Expect one block of collaboration per day per person

Each person on our product team spends one chunk doing collaborative work like answering questions, providing feedback, or doing code reviews. I typically do this conversational work at the start of each day.

The obvious benefit of only being expected to respond to communications once a day is that you can batch all your communications together in one shot and then have the rest of the day to work in silence.

The non-obvious benefit is that you can get the benefits of deep work for a traditionally non-deep task of answering correspondences. When I set aside a full hour in my day to answer questions, emails, and review things, I find I am more detailed, thoughtful and insightful than if I were to answer things as they rolled in. Setting aside that hour lets me treat the work of providing good answers and feedback as meaningful work itself as opposed to a pesky interruption I’m trying to squeeze into my day. When everyone on a team buys into this, it creates a culture of thoughtful conversation and feedback that raises the quality of the end product being created.
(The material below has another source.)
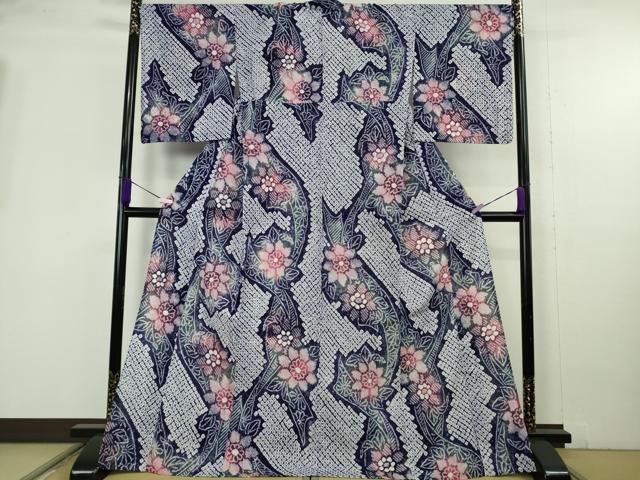 平和屋着物∴極上　夏物　浴衣　有松鳴海絞り　草花文　綿　ロング丈　逸品　未使用　DZAB9957kh6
Be thoughtful about mentions and asks

We field hundreds of tickets a day in customer support and are always trying to route feedback and ideas to the right people inside our team without overwhelming people with conversational load. We’ve created a two tier system for mentioning colleagues on conversations.

We use the typical at-mention syntax when we want to get feedback in within a day. And for conversations that are valuable but aren’t urgent, we ‘tag’ the conversation with a specific tag for each person. This gives each person to read and process those less urgent conversations in one go at a time that works for them.

It’s easier to do deep work when you implement it as a team goal and make protecting other’s deep work time the cultural norm. When deep work isn’t a team sport, deep work practitioners tend to come off as a quirky and unreliable misanthropes.